A/N: Hello, fans! This is the Season 2 edition of my popular Heroes Abridged series. I know I haven't finished Season 1 yet, but I won't be able to until I manage to get the DVD, which may take a while since I'm just a poor college student. Until then, enjoy Season 2.

For those of you who have no idea what I'm talking about, check out "Heroes: Abridged", I basically write an "abridged" script of each episode. Enjoy!

Heroes Abridged 2

Episode 1: Four Months Later

Mohinder: I'm sure that all you fans missed my narrating skills, didn't you?

Mohinder: Now, let's recap last season and introduce new characters while I discuss nature and stuff...
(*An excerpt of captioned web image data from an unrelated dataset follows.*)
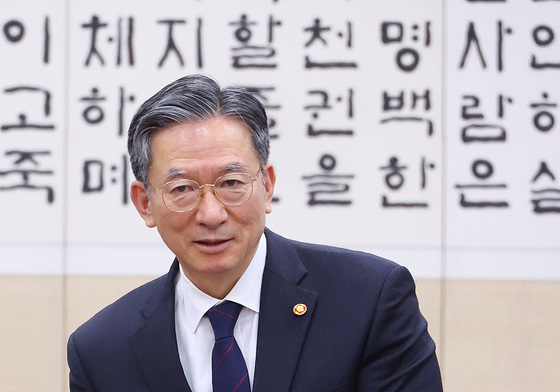 법사위 출석하는 정성호 법무장관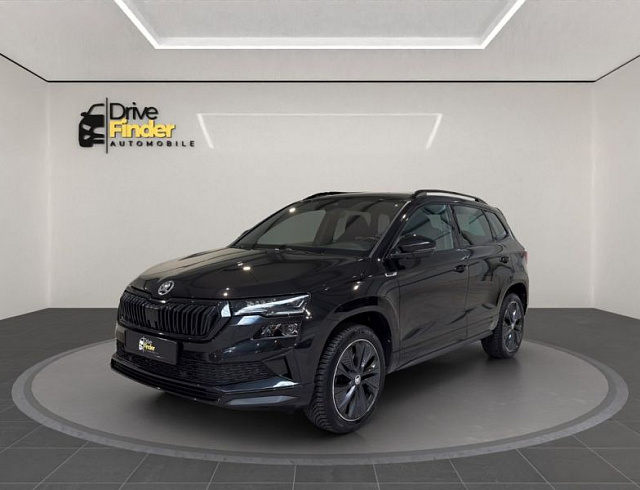 Skoda Karoq 2024 г. Чёрный, пробег 26800 км
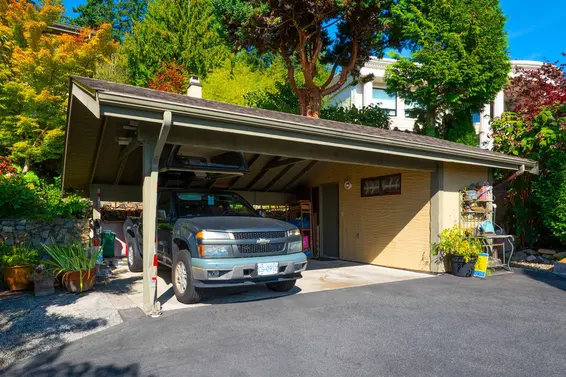 560 Craigmohr Drive, West Vancouver For Sale - image 11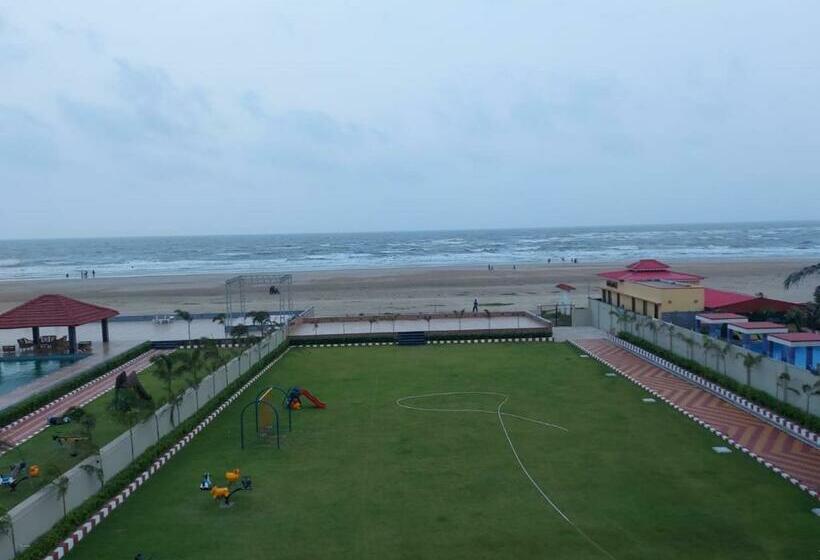 酒店 Silver Sand Eco Resort !! Beachfront !! With Biggest Pool And Huge Open Area !! Ideal For Weddings !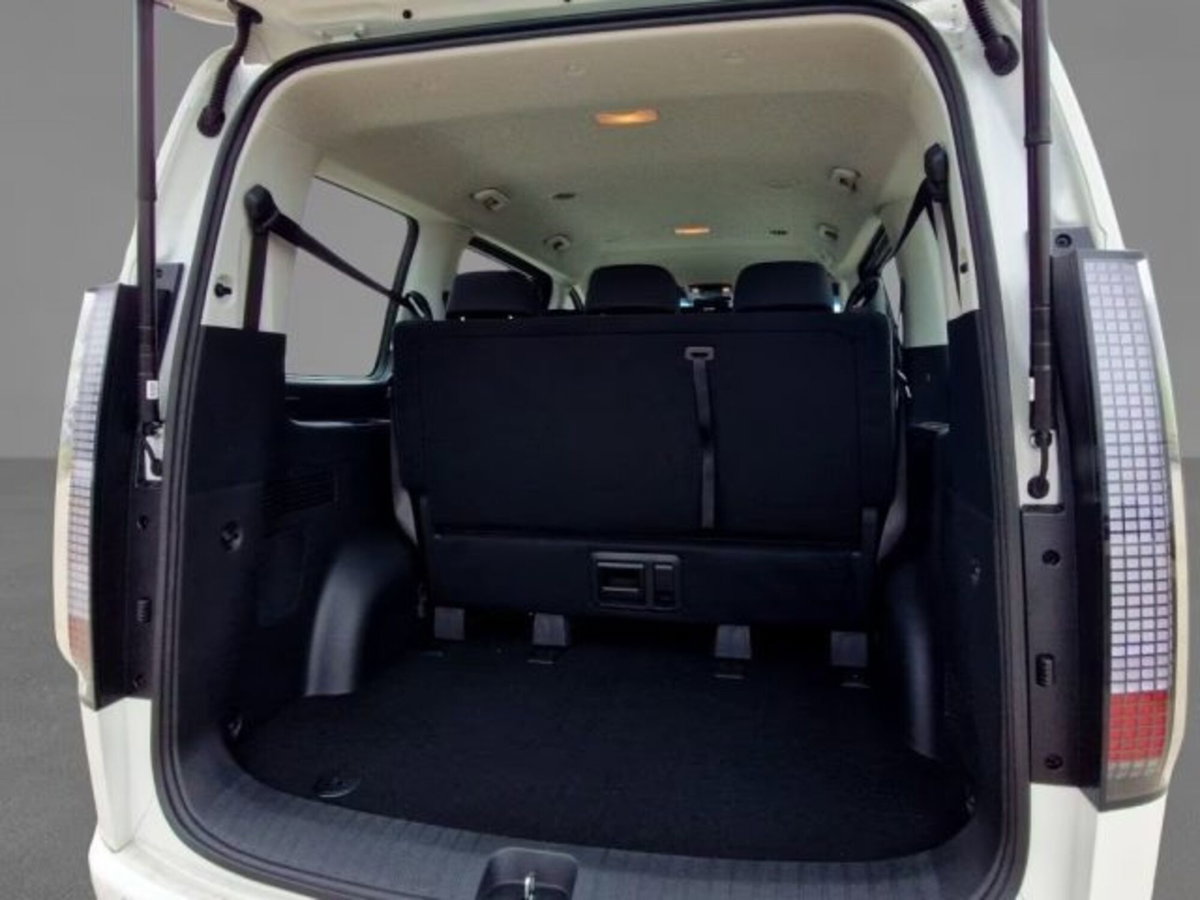 Hyundai Staria 1.6 hev 2wd auto (13)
Mohinder's Lecture, (did they show the location??)

Mohinder: My father's crazy theory isn't just a theory anymore! I've seen the super heroes- and as if having a crazy company and murderer go after them isn't enough, NOW they've got a deadly virus to worry about!

Audience: (snore)

Mohinder: Allowing this virus to exist will kill them all, and prevent the evolution of our species!

Audience member: But...wouldn't allowing the virus to kill them just be allowing natural selection to work? If they're not fit to survive the virus, and normal people are, then--

Mohinder: No further questions, I guess!!! We're all done here!

Company guy: Hey, Dr. Suresh, I love your lectures so much, I want live those days you made them over and over again!

Mohinder: Time to please my fangirls by being a total bad-ass! (pins guy to wall)

Company Guy: Listen to me! Everyone thinks you're crazy! The only way you can save the special people is if you come work for our creepy company!

San Cristobal, Honduras

Alejandro: I bet you don't recognize us!

Maya: We decided the show wasn't diverse enough, so they added some Hispanic people!

Alejandro: Yeah, and of course, we have to be stereotypical Hispanics who have to illegally get into the US...

Maya: Alejandro, I'm tired of running! Do we really have to?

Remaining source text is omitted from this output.